Le 27 mai, Élisabeth Borne a ainsi fixé trois mots d’ordre à ses ministres réunis à Matignon : « Rapidité, efficacité et résultats. » Mais la rapidité attendra encore un peu… Car si « les premières semaines de l’action [du gouvernement] doivent être consacrées à répondre aux urgences des Français », qui sont, selon elle, le pouvoir d’achat, la santé et le climat, le projet de loi contre la vie chère ne sera pas présenté avant les législatives, contrairement à ce qu’Olivia Grégoire, porte-parole du gouvernement, avait annoncé à l’issue du premier conseil des ministres, le 23 mai. Seule précision sur ce texte, la Première ministre promet qu’il n’y aura « ni oubliés ni angles morts ». Les électeurs sont invités à y croire.
En reprenant cette promesse, le clip de la majorité présidentielle diffusé lundi 30 mai cite « la poursuite du bouclier qui limite factures de gaz et d’électricité » quand Le Parisien révélait le même jour que le manque à gagner pour les fournisseurs d’énergie devra être rattrapé en 2023, soit par une hausse sur les factures soit par l’État. Via les impôts, donc.

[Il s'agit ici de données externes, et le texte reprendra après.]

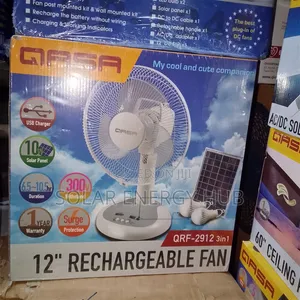 Qasa 12-Inch Solar Rechargeable Fan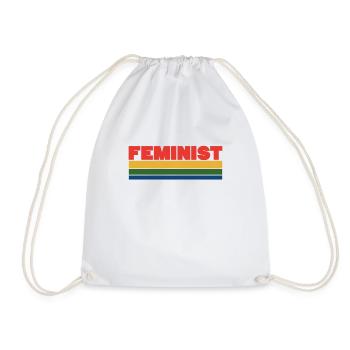Feminist Feministin starke Frauen Geschenk retro - Turnbeutel - Weiß - Vorne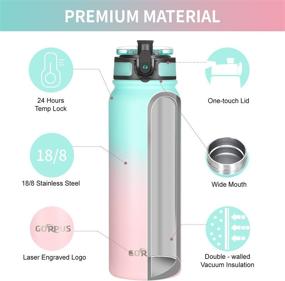 img 2 attached to 20oz Insulated Stainless Steel Vacuum Water Bottle with Straw Lid, Flip Top Lid, and Wide Mouth Lid - 🥤 Kids Double Walled Metal Sports Water Bottles - LeakProof Thermos with Stickers for Men, Women, and Kids - Includes 3 Lids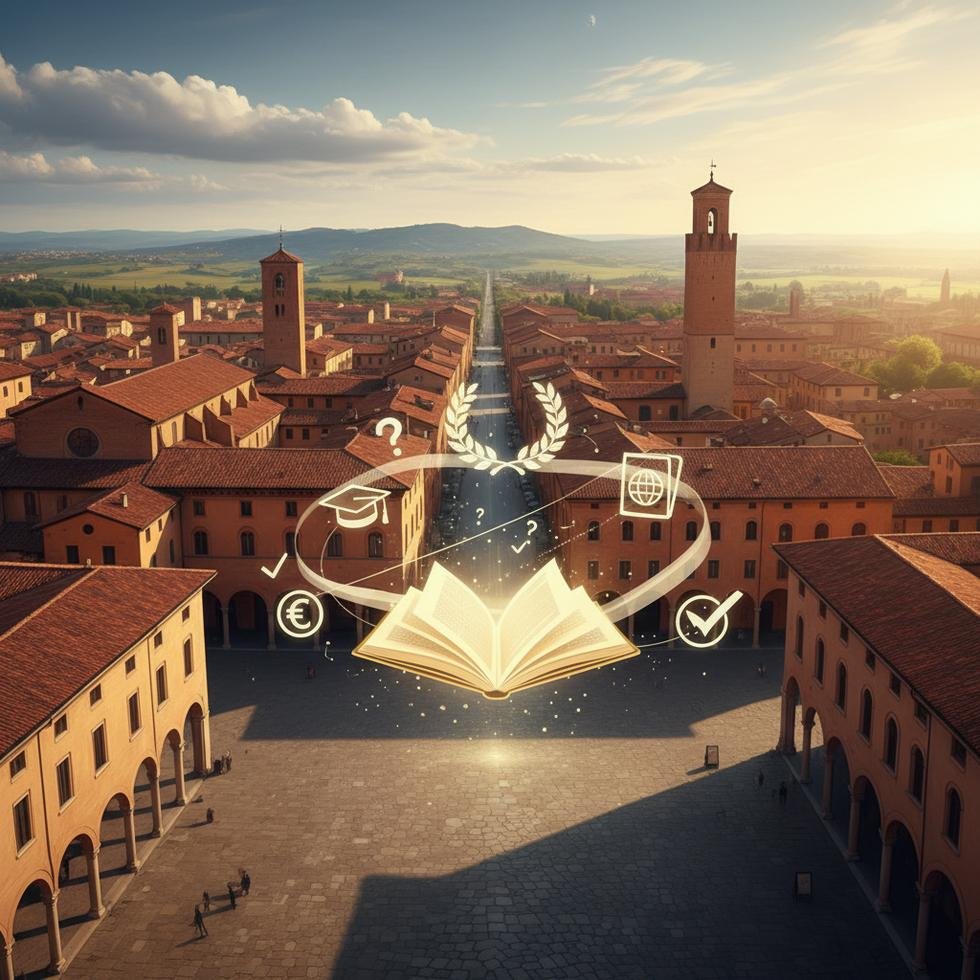 Bologna’da üniversite eğitimi ile ilgili başvuru, ücret, vize ve burs konularını gösteren eğitim ortamı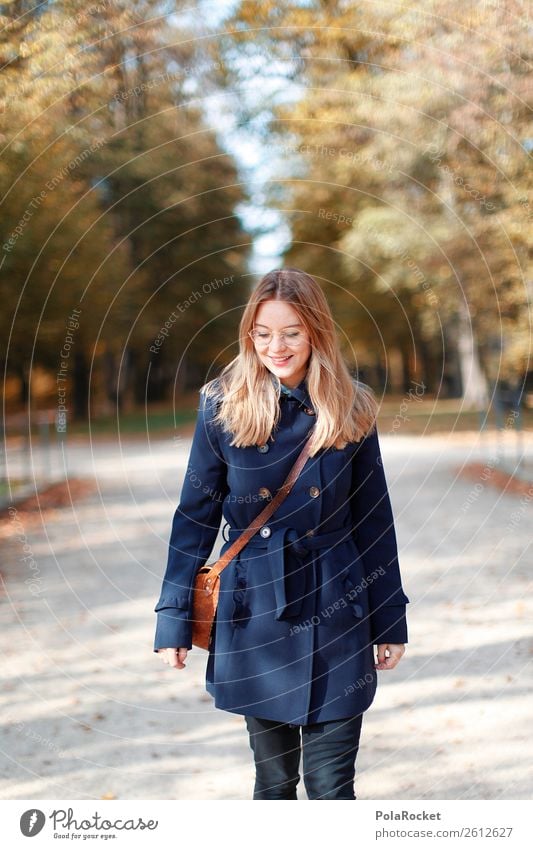 #A# Autumn sun Art Esthetic Seasons Coat Model Fashion Manikin Park Woman Autumnal Autumn leaves Autumnal colours Early fall Automn wood Autumnal weather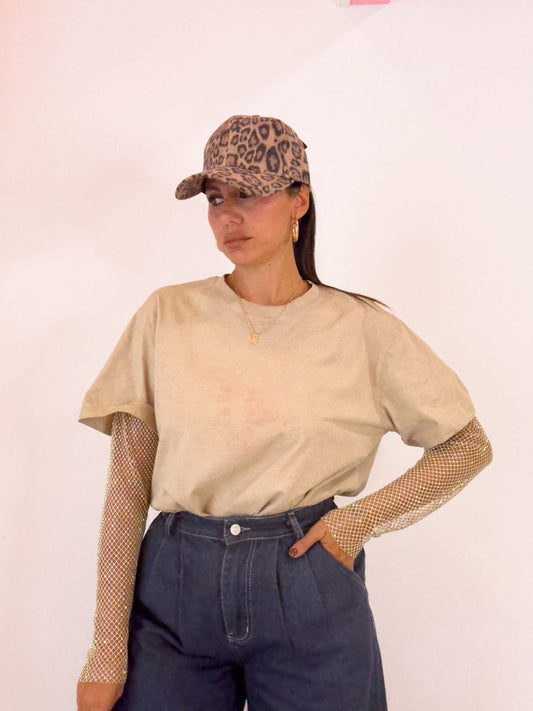 T-shirt manica a rete con strass 2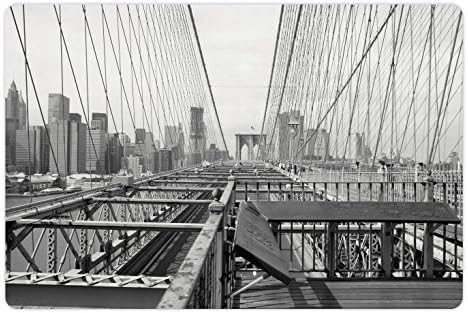 מחצלת חיות מחמד מודרנית למזון ומים, נוף וינטג 'של גשר ברוקלין בניו יורק מכונאי ארה' ב הדפס אמריקאי, מלבן מחצלת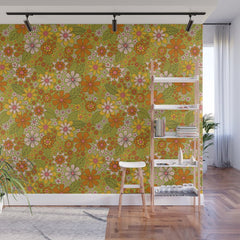 1960s, 1970s Retro Floral in Green, Pink & Orange - Flower Power Wall Mural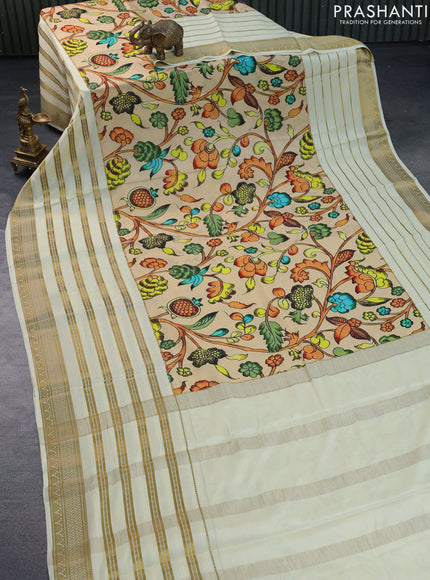 Pure mysore silk saree sandal and cream with digital kalamkari prints and long zari woven border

Le clip mentionne aussi « l’indexation des retraites sur l’inflation » et « le triplement de la prime de pouvoir d’achat jusqu’à 3 000 euros » alors que la profession de foi type des candidats macroniens l’annonce « jusqu’à 6 000 euros ». On a beau savoir que cette prime reste à la discrétion de l’employeur et n’a donc rien d’automatique, la différence entre les deux montants laisse pantois. Les autres promesses sont aussi ronflantes que floues puisqu’elles invitent, en votant pour « un candidat de la majorité présidentielle », à faire de la France « une des plus grandes nations écologiques », à mettre « le plein-emploi à portée de main », à faire de « la refondation de l’école une priorité », de « la santé un enjeu majeur » et de « la sécurité une préoccupation de chaque instant ».
Au terme de cette sirupeuse litanie, il est cocasse d’entendre le même clip inviter les électeurs à ne pas céder « aux fausses promesses et aux alliances de circonstance qui n’ont d’autre but que d’obtenir des postes ». Un avertissement qui vise spécifiquement la Nouvelle Union populaire écologique et sociale (Nupes), dont la légère avance dans les sondages inquiète la Macronie. Contrairement au Rassemblement national, qui part battu, estimant normal qu’à la suite de sa réélection Emmanuel Macron ait une majorité à l’Assemblée, et qui mène campagne a minima à l’instar de la droite canal historique (Les Républicains et l’UDI…), l’alliance de la France insoumise, du PCF, du PS, de Génération·s et des écologistes autour de Jean-Luc Mélenchon présente un programme complet de gouvernement. Elle a détaillé son plan d’urgence pour le pouvoir d’achat. Et mène une campagne dynamique.
Sur ce point, le contraste avec le gouvernement est saisissant. Si la « période de réserve » à laquelle ce dernier est astreint depuis le 23 mai limite les marges de communication des ministres, la responsabilité en incombe à Emmanuel Macron, qui a sciemment choisi de retarder au maximum la désignation de son nouvel exécutif. Par tactique. Afin d’éviter d’abattre son jeu et d’ouvrir un débat démocratique sur ses projets.